What you are asked to do:
Set down exactly the lines below between the line holding "description of careprost eye drops" and the line holding "Gray crew-neck athletic", inclusive; no other line belongs in the answer.

Task material:
####

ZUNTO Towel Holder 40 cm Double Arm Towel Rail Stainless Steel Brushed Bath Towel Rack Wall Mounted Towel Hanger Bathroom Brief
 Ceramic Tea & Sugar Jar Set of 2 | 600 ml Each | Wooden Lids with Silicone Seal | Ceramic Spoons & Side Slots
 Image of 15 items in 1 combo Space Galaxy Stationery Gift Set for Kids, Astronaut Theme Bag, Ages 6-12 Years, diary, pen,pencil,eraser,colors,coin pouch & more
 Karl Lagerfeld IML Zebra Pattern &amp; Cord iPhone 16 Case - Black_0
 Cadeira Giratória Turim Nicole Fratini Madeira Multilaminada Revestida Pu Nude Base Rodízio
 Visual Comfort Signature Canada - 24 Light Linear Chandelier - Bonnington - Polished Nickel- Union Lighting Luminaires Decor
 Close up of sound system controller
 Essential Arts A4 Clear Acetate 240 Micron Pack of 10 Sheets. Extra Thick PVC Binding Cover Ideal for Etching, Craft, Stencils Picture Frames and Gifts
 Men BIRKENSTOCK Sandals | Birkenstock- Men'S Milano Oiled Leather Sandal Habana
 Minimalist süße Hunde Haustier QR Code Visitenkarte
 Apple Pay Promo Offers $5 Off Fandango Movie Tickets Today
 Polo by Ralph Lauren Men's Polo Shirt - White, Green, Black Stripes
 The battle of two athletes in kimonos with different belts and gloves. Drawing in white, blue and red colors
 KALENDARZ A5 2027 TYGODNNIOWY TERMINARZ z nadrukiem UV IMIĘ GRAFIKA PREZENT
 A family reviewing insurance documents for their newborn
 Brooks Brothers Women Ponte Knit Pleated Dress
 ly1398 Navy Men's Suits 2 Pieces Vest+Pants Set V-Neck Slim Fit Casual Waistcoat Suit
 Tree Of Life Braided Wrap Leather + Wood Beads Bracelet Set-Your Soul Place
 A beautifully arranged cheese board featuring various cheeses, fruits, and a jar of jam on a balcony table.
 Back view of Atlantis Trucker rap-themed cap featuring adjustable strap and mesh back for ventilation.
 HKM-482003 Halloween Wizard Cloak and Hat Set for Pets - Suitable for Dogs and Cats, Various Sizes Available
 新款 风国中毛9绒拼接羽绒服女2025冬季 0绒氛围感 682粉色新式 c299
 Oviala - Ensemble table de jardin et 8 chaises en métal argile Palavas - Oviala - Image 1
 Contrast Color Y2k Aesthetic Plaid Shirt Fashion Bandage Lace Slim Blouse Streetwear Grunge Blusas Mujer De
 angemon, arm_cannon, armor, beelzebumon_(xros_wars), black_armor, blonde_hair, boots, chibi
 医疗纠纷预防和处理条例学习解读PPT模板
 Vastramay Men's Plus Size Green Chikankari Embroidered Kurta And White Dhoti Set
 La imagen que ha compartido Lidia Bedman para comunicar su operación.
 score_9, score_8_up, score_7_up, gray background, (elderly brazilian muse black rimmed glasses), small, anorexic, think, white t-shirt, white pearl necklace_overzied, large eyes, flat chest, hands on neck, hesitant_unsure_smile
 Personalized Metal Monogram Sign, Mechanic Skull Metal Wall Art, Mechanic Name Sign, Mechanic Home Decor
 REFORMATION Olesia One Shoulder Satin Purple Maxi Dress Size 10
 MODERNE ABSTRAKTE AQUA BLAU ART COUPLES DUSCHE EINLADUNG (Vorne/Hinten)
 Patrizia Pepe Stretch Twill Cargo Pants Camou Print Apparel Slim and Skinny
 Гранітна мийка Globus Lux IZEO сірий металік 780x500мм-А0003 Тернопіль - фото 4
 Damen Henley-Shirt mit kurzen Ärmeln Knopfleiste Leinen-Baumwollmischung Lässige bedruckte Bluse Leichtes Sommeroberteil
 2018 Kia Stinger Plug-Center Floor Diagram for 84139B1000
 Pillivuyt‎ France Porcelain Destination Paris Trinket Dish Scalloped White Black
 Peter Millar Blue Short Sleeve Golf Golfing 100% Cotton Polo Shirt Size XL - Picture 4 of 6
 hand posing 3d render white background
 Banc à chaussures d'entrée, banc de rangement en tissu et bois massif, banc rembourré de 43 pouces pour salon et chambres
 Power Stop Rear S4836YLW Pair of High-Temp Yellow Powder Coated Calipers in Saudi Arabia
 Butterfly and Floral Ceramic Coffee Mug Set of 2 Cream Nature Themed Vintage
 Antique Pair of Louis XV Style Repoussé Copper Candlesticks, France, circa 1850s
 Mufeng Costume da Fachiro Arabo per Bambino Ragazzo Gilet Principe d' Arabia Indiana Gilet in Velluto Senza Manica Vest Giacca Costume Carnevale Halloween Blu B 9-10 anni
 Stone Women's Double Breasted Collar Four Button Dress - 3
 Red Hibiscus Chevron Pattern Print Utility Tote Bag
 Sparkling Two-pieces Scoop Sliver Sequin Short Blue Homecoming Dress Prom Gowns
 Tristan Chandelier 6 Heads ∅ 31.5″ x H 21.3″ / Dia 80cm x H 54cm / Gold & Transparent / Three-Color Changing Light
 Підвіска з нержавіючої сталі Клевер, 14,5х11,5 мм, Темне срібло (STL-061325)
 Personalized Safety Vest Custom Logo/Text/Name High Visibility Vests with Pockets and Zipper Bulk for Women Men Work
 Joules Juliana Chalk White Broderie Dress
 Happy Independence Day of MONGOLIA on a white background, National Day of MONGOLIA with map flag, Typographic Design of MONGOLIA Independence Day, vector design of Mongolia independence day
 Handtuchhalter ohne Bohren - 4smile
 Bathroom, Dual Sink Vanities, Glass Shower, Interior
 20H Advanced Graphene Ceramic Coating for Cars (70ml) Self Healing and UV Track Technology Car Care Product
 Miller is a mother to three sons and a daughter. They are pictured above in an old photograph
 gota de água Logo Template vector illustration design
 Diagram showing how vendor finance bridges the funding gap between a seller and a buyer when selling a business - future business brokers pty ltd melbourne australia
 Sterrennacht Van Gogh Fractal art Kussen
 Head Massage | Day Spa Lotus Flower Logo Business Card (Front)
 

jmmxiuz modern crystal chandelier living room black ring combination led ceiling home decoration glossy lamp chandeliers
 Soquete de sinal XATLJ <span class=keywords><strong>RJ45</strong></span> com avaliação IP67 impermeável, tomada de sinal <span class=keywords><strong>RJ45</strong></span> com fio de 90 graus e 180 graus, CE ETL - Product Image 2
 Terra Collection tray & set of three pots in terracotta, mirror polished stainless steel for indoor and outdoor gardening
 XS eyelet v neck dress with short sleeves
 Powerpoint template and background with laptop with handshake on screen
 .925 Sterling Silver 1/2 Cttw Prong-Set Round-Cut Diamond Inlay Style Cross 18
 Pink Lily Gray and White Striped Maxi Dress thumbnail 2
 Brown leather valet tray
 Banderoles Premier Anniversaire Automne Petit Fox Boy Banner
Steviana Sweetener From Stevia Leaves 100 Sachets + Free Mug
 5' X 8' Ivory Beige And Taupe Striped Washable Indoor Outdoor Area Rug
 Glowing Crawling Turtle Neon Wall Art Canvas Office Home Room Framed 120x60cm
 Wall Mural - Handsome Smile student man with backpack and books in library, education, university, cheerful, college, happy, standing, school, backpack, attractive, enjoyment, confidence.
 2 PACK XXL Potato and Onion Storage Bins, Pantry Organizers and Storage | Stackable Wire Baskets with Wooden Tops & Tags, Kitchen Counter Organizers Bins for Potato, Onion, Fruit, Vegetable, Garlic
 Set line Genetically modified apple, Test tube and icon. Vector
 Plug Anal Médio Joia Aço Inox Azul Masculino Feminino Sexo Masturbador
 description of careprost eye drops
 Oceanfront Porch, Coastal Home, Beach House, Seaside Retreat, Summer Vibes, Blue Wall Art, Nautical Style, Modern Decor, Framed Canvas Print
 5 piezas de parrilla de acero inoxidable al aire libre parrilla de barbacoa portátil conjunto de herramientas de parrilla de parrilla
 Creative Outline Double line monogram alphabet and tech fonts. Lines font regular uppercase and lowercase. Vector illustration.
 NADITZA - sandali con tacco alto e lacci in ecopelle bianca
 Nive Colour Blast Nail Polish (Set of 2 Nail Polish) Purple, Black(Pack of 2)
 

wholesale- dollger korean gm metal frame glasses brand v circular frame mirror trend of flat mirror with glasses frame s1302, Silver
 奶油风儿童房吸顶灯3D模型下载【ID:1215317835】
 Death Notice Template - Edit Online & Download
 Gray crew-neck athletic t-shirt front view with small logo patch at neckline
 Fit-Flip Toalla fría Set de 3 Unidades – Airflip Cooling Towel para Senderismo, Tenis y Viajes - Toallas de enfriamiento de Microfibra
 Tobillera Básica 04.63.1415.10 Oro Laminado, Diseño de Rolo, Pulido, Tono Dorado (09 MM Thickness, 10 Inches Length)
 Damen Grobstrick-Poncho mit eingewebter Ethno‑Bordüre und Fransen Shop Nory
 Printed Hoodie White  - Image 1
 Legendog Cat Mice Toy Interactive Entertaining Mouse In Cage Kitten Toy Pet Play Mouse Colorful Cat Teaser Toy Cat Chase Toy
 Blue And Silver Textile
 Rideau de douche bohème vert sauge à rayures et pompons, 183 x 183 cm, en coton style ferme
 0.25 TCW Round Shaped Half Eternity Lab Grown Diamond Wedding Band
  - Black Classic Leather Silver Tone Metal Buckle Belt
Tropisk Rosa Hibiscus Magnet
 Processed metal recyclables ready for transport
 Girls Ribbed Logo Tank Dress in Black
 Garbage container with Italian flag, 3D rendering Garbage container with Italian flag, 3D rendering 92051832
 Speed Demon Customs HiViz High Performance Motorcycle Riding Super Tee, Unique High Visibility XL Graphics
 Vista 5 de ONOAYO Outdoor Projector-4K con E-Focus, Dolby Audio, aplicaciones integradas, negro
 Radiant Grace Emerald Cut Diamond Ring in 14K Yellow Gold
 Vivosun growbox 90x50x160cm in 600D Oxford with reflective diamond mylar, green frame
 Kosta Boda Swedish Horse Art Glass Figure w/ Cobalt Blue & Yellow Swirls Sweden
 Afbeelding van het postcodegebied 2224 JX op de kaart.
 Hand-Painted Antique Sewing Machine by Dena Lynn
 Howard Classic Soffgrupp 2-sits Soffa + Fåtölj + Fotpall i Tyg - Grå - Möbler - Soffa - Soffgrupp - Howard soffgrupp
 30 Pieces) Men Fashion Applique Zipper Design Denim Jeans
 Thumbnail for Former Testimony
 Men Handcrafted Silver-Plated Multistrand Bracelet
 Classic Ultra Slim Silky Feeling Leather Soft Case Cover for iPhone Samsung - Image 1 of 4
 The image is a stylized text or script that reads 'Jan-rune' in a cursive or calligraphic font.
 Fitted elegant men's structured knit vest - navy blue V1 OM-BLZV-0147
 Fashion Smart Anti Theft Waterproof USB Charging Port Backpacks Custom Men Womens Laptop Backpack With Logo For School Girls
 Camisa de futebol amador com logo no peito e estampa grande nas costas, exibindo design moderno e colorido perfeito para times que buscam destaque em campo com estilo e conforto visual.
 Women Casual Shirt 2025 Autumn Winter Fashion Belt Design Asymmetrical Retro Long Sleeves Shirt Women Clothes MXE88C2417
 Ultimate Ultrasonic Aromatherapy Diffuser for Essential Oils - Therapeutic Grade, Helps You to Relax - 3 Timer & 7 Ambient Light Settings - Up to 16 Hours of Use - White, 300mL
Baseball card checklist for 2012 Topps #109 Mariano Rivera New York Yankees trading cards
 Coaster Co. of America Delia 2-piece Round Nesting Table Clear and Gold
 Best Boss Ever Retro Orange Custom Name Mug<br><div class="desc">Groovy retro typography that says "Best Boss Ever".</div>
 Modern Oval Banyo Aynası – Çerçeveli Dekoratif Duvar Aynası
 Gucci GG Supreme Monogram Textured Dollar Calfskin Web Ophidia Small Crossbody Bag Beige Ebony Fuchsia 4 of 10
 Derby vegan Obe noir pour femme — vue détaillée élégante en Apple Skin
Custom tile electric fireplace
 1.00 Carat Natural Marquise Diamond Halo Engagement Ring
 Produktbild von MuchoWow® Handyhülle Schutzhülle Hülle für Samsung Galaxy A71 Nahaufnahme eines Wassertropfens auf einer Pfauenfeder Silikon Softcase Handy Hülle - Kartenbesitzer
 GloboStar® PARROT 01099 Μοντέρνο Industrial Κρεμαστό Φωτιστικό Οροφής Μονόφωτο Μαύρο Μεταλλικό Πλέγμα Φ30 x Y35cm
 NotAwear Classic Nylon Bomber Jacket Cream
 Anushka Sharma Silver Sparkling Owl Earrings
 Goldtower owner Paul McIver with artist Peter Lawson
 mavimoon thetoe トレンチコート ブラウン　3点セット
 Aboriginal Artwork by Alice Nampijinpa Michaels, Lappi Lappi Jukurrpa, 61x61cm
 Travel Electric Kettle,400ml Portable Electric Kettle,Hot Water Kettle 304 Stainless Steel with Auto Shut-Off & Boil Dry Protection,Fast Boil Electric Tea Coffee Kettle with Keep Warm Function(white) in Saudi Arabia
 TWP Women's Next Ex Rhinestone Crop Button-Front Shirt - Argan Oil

####

Exercise result:
 description of careprost eye drops
 Oceanfront Porch, Coastal Home, Beach House, Seaside Retreat, Summer Vibes, Blue Wall Art, Nautical Style, Modern Decor, Framed Canvas Print
 5 piezas de parrilla de acero inoxidable al aire libre parrilla de barbacoa portátil conjunto de herramientas de parrilla de parrilla
 Creative Outline Double line monogram alphabet and tech fonts. Lines font regular uppercase and lowercase. Vector illustration.
 NADITZA - sandali con tacco alto e lacci in ecopelle bianca
 Nive Colour Blast Nail Polish (Set of 2 Nail Polish) Purple, Black(Pack of 2)
 

wholesale- dollger korean gm metal frame glasses brand v circular frame mirror trend of flat mirror with glasses frame s1302, Silver
 奶油风儿童房吸顶灯3D模型下载【ID:1215317835】
 Death Notice Template - Edit Online & Download
 Gray crew-neck athletic t-shirt front view with small logo patch at neckline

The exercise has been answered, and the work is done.